## [Activity]
What is needed is an exact reproduction of the lines from the one that contains "2025 Ford E-350SD Base" through the end of the data, both included and nothing else, with pictures omitted.

## [Dataset extract]

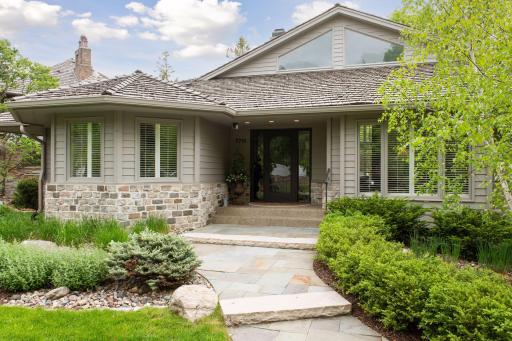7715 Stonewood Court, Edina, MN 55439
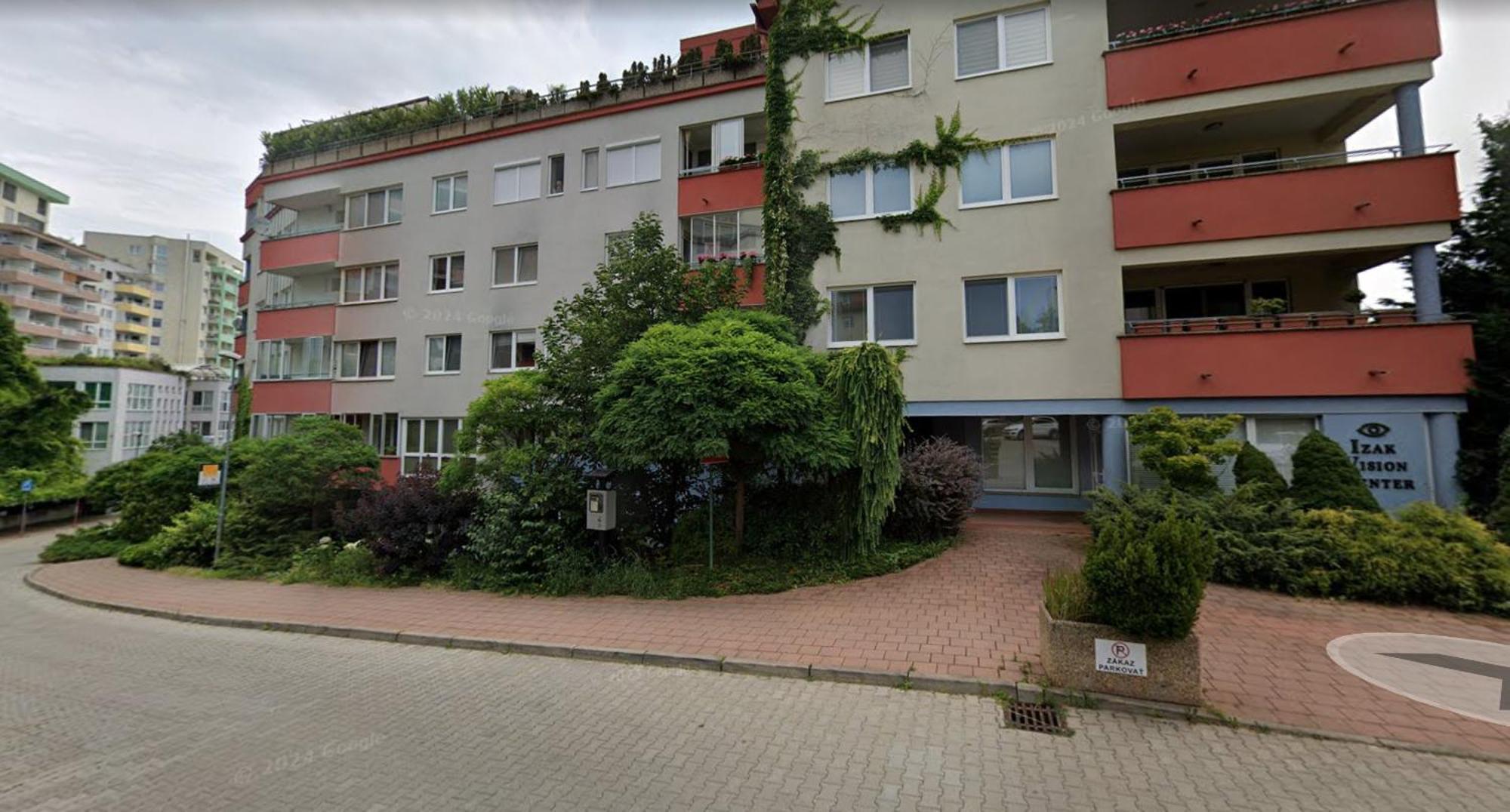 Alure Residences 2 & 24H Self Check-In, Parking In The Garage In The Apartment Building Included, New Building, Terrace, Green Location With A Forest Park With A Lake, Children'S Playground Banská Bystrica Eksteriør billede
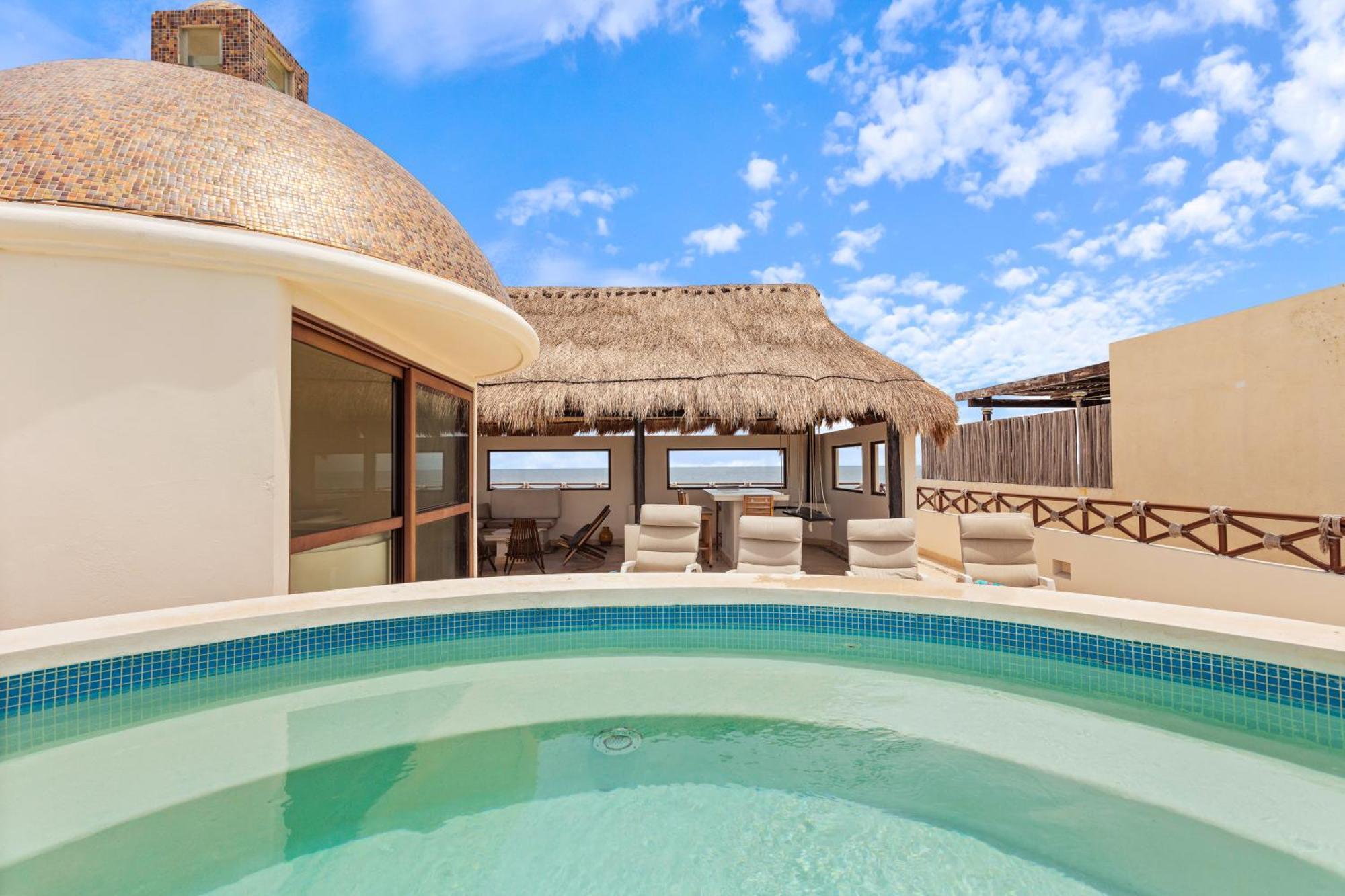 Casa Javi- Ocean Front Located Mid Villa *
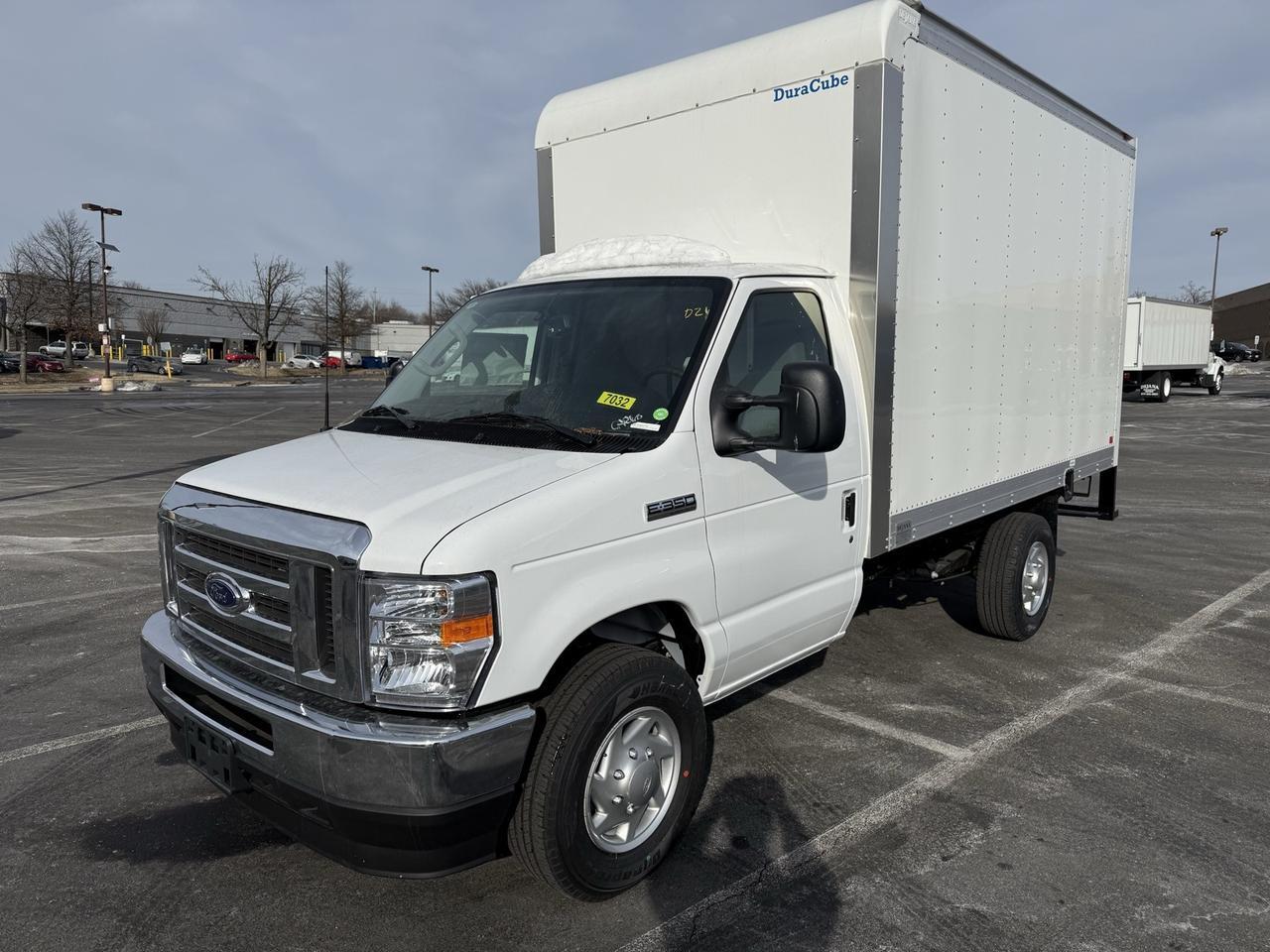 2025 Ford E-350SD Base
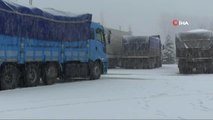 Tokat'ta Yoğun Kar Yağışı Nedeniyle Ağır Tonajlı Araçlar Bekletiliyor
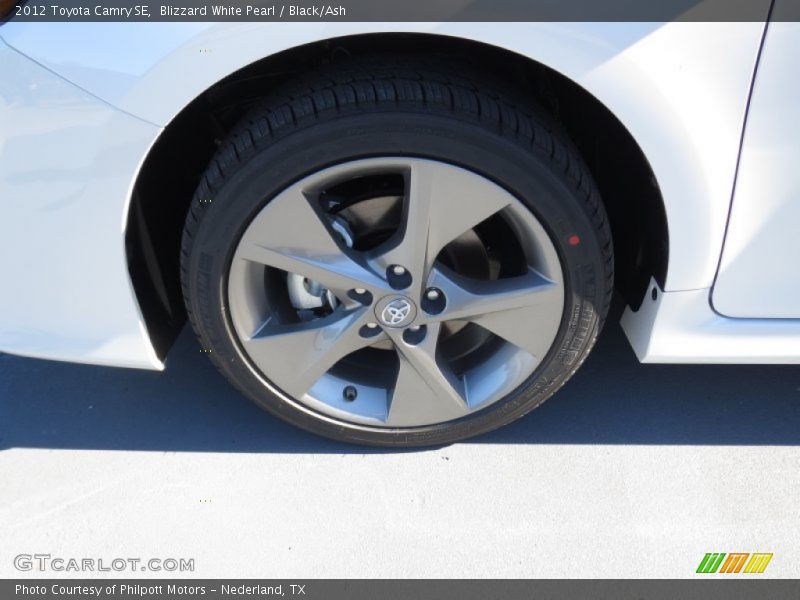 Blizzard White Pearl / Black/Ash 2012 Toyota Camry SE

## [Solution to this exercise]
 2025 Ford E-350SD Base
 Tokat'ta Yoğun Kar Yağışı Nedeniyle Ağır Tonajlı Araçlar Bekletiliyor
 Blizzard White Pearl / Black/Ash 2012 Toyota Camry SE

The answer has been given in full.